RSS-Bridge / rss-bridge

The RSS feed for websites missing it
https://rss-bridge.org/bridge01/
The Unlicense
6.98k stars 1.02k forks source link

Add JSON extraction embedded in HTML script element #4106

Open hkcomori opened 1 month ago

hkcomori commented 1 month ago

I want to extract JSON embedded in HTML script elements for processing by JSON dotpath. So I have added a format that outputs only bare content. Barejson is a term I coined because pure format names could not explain the behavior.. So if you have a better idea, I would like to adopt it.

This format can output only one item, so if more and less than one is found, an error will occur.

This is triggered by the following discussion: https://github.com/FreshRSS/FreshRSS/discussions/6406

dvikan commented 1 month ago

sorry i dont understand the use case here

maybe show example usage

hkcomori commented 1 month ago

I want to use JSON dotted path to get information from JSON embedded as a script element, such as the following on this page. It contains information on articles that should be RSS. It can be read from HTML, but some information are only in JSON.

<script id="__NEXT_DATA__" type="application/json">{"props":{"pageProps":{"workId":"018d6a5c-b9f2-77db-9191-e7cc6fbfdce2", ... }</script>

JSON must be separate from HTML because JSON dotted paths are not HTML readable. For this purpose, this PR feature extracts JSON, and the JSON dotted path processes the results.

hkcomori commented 1 month ago

XPathBridge example:

Enter web page URL: https://comic-walker.com/detail/KC_003160_S?episodeType=latest Item selector: //script[@id="__NEXT_DATA__"] Item title selector: "JSON" Item description selector: ./text() Use raw item description: true

hkcomori commented 1 month ago

Is it better to create bridges to extract RSS from embedded json instead of such format for intermediate files?
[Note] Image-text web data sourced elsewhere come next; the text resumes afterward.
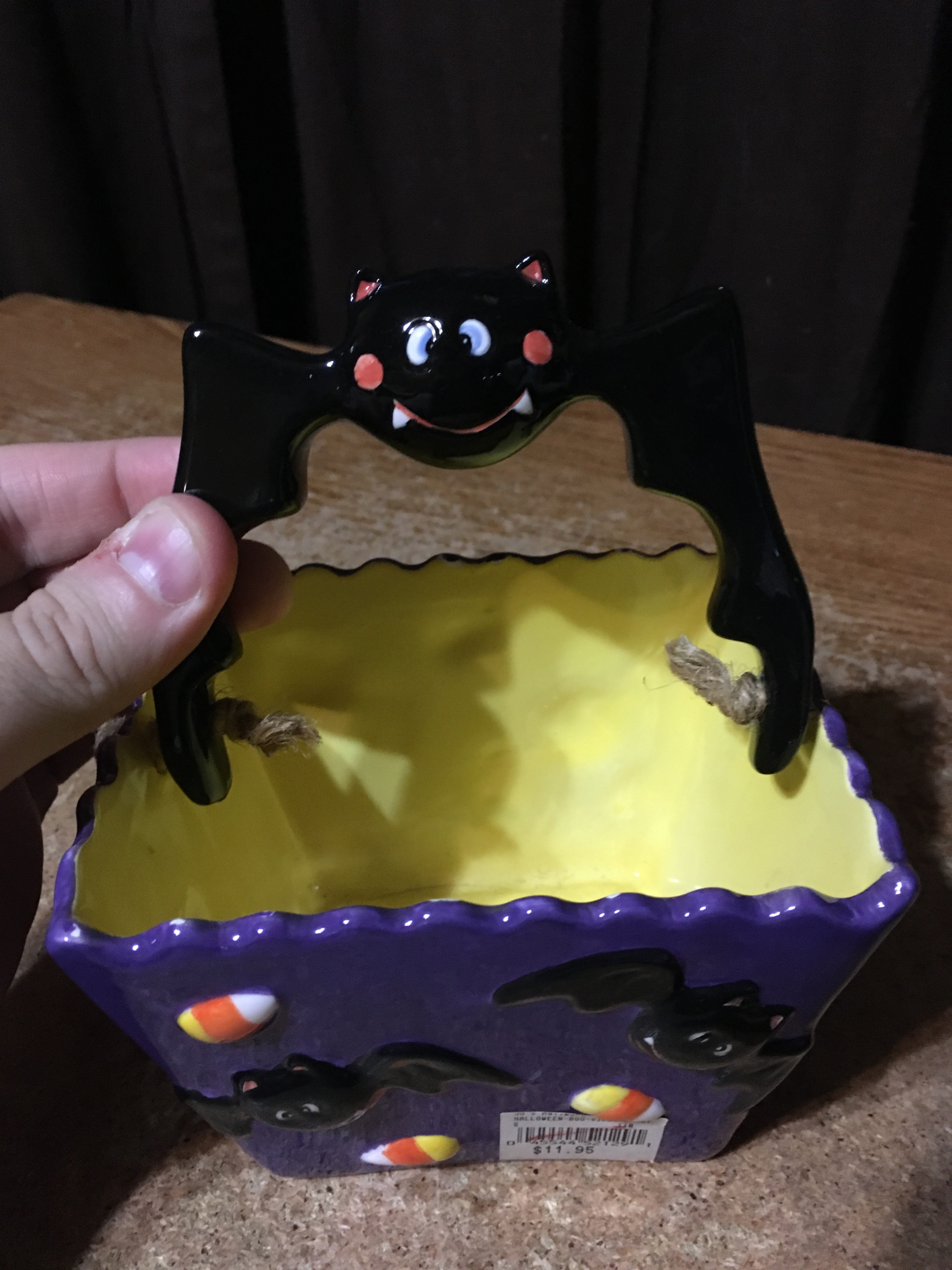 2002 ENESCO DANIEL DELA CRUZ BASKET HALLOWEEN CERAMIC BATS CANDY - photo 2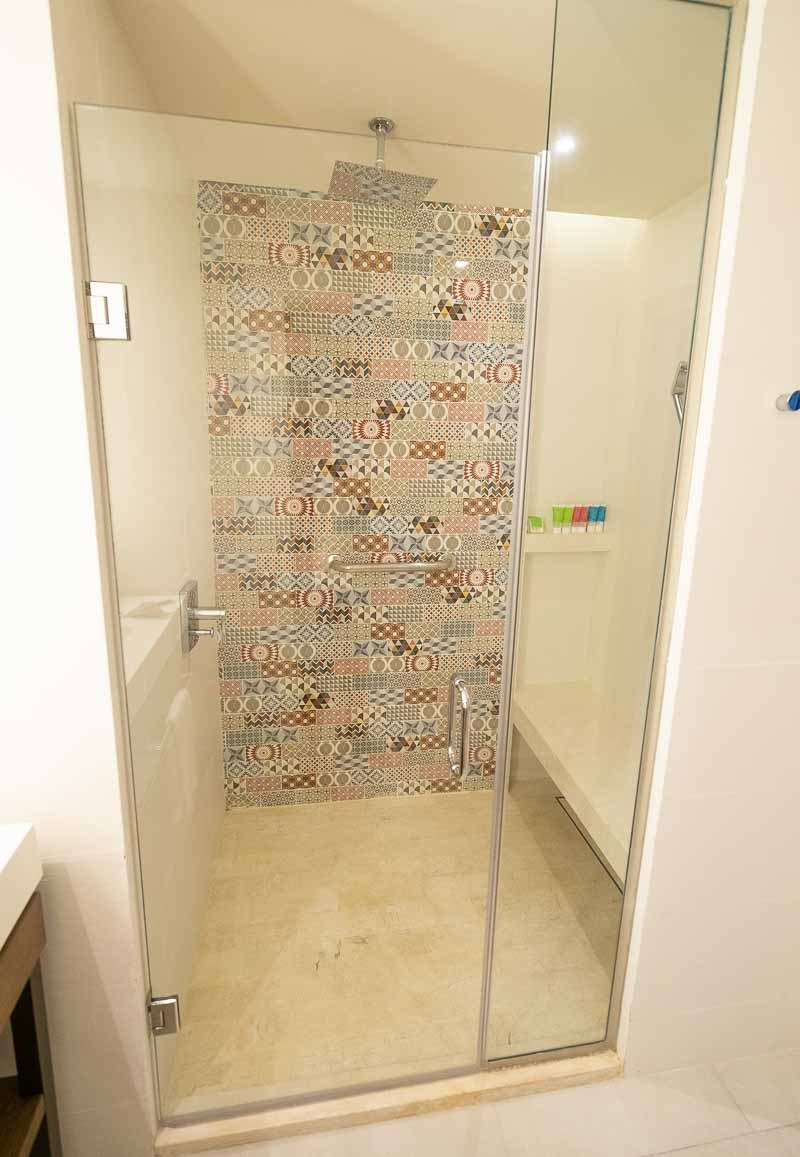 hotel shower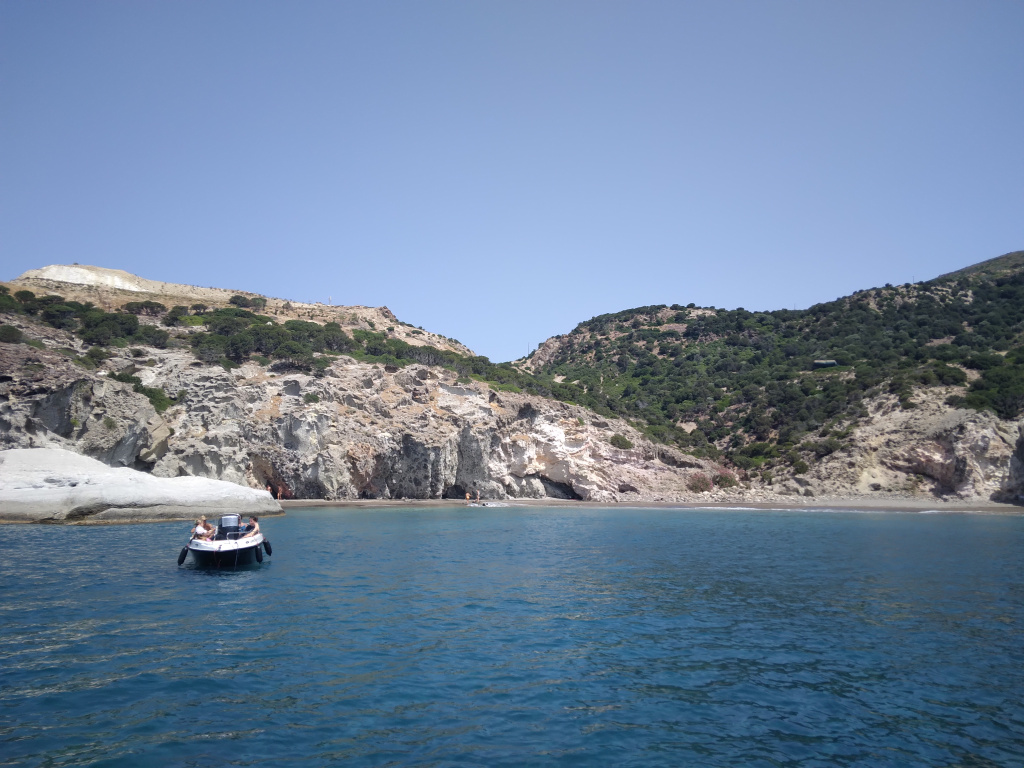 GALERIE FOTO | Milos, insula grecească cu plaje care poartă numele piraților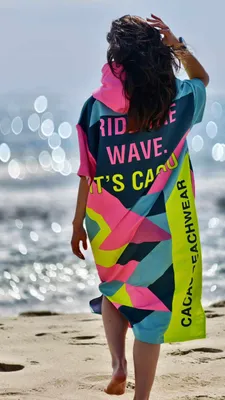 Produktbild von Bunte Sonnen-Vibes – NanoDry Ultra™ Damen-Strandponcho CACAO Beachwear™ - L (185-200)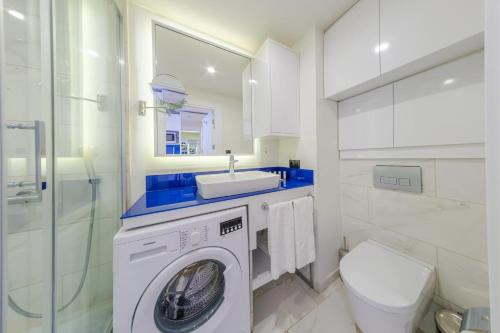 Un baño de Panorama King Suite Sea View Hotel
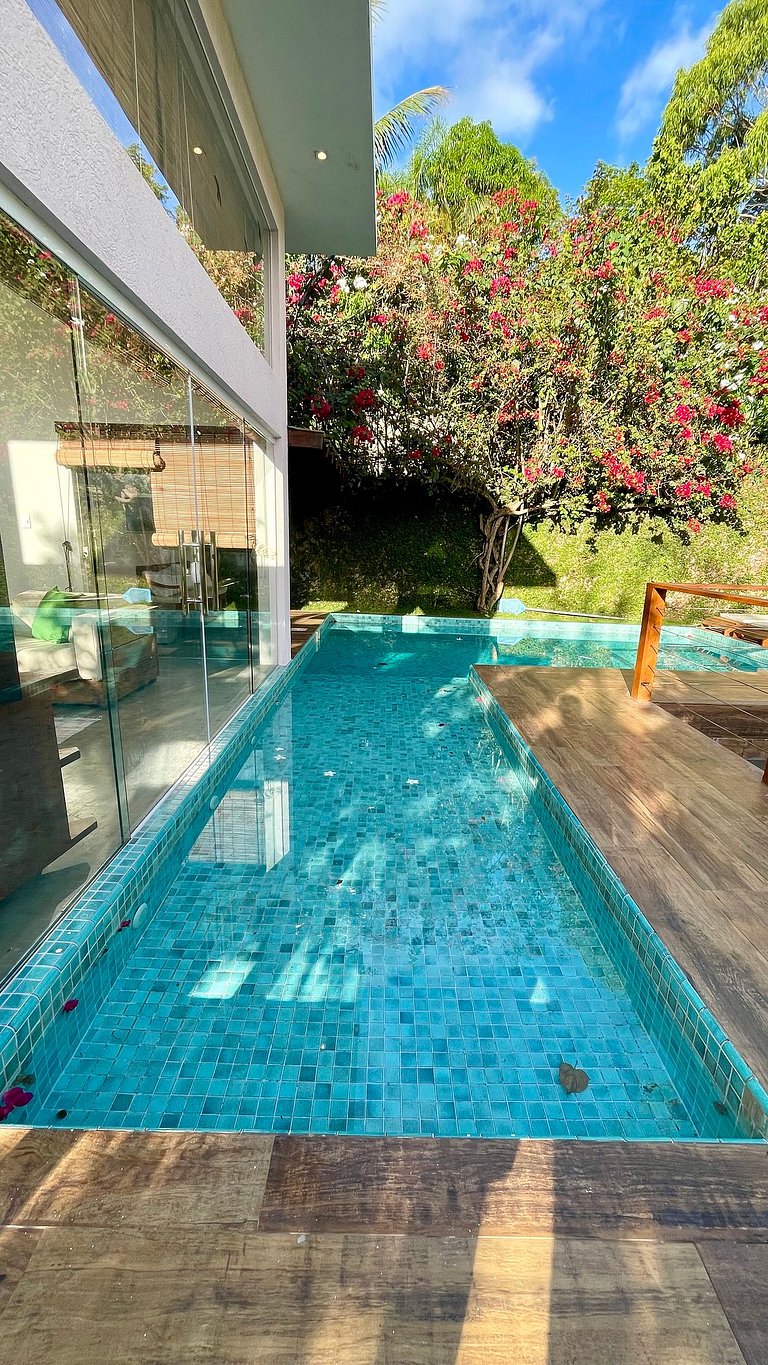 Com Piscina, 3 Suites, Cozinha e Sala de estar
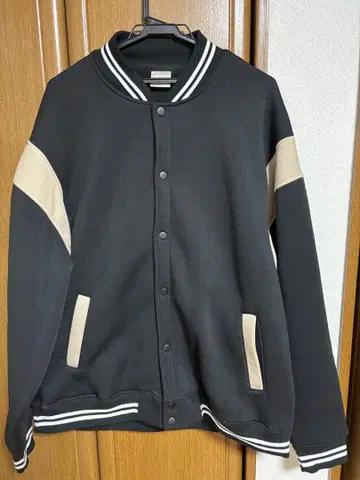 바시티 자켓 스타일 자켓 블랙/베이지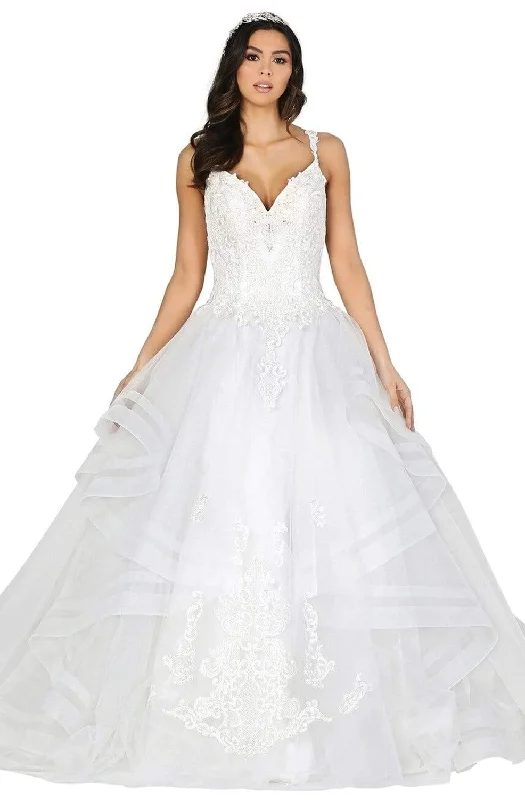 Dancing Queen - 152 Lace Plunging V-neck Ballgown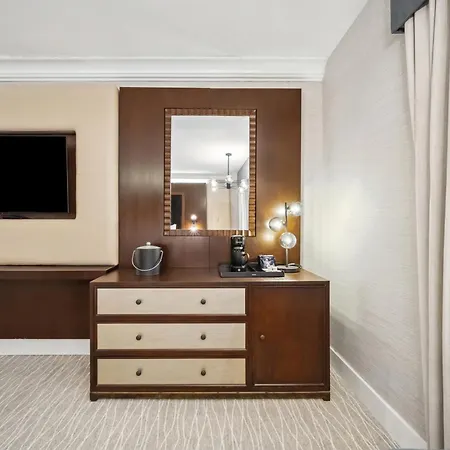 Lexington Plaza Hotel-3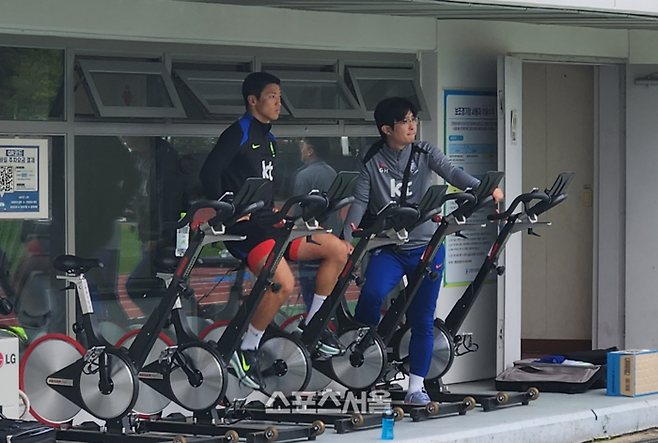 축구대표팀 공격수 황희찬이 12일 고양종합운동장 보조구장에서 이틀 뒤 열리는 파라과이전(서울월드컵경기장) 대비 훈련에 참가해 자전거를 타며 동료를 바라보고 있다. 사진 | 고양=김용일 기자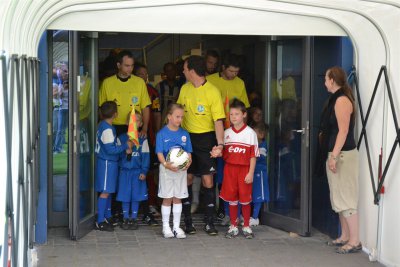 Foto des Albums: Einlaufkids in Rostock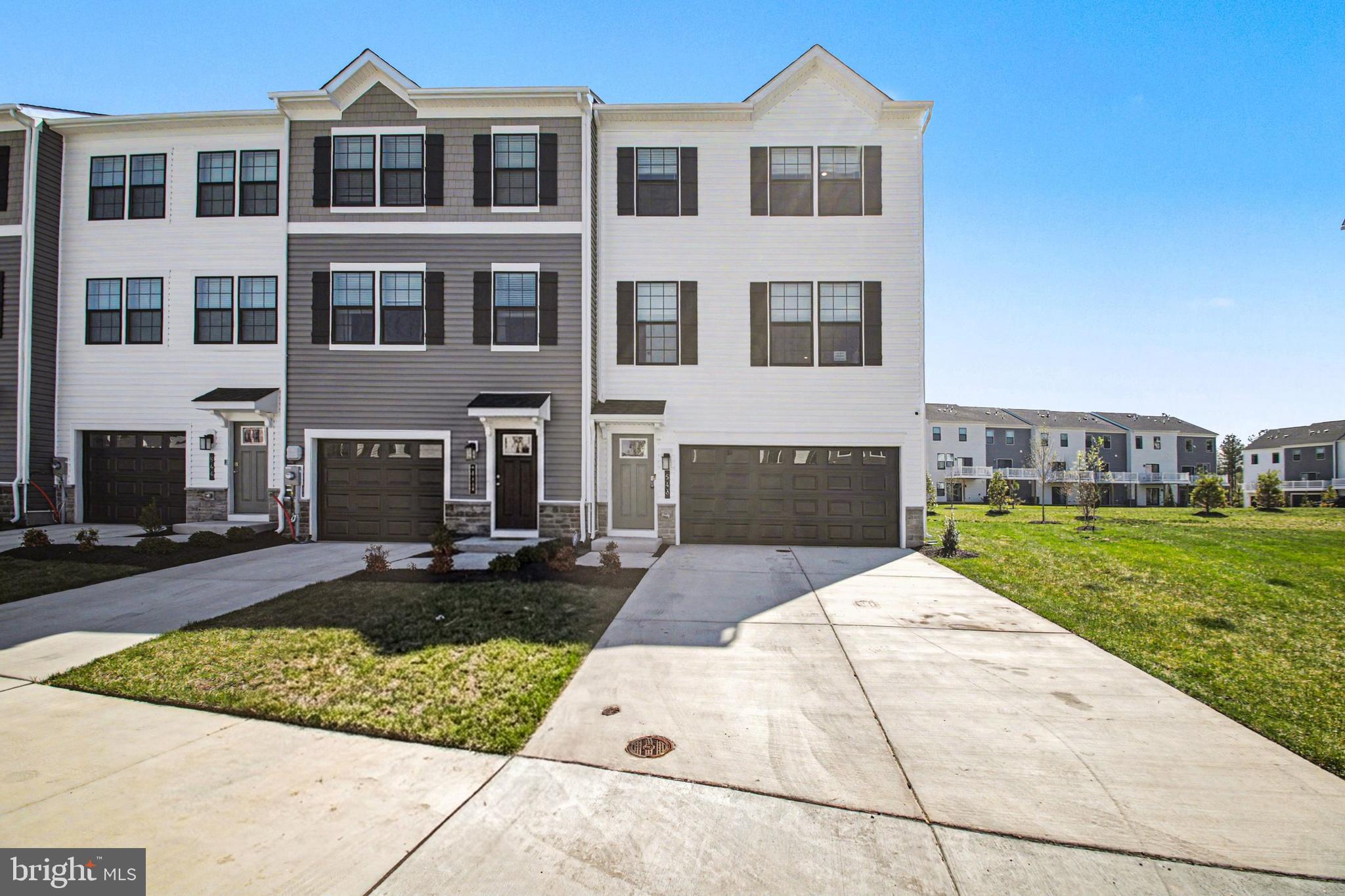 PINEGROVE - Residential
dvikan commented 1 month ago
  1. are you aware that there already exists a JsonFormat?

  2. Have you tested this PR and it does what you need?

hkcomori commented 1 month ago
  1. are you aware that there already exists a JsonFormat?

Of course, I first tried JsonFormat. I expected the following results:

{
    ...
    "content": {
        "key": "value"
    }
}

But in fact, the content was converted to a string and raw Json could not be extracted:

{
    ...
    "content": "{\"key\": \"value\"}"
}
  1. Have you tested this PR and it does what you need?

Yes. I confirmed that this result is raw json content and JSON dotted path can processes it.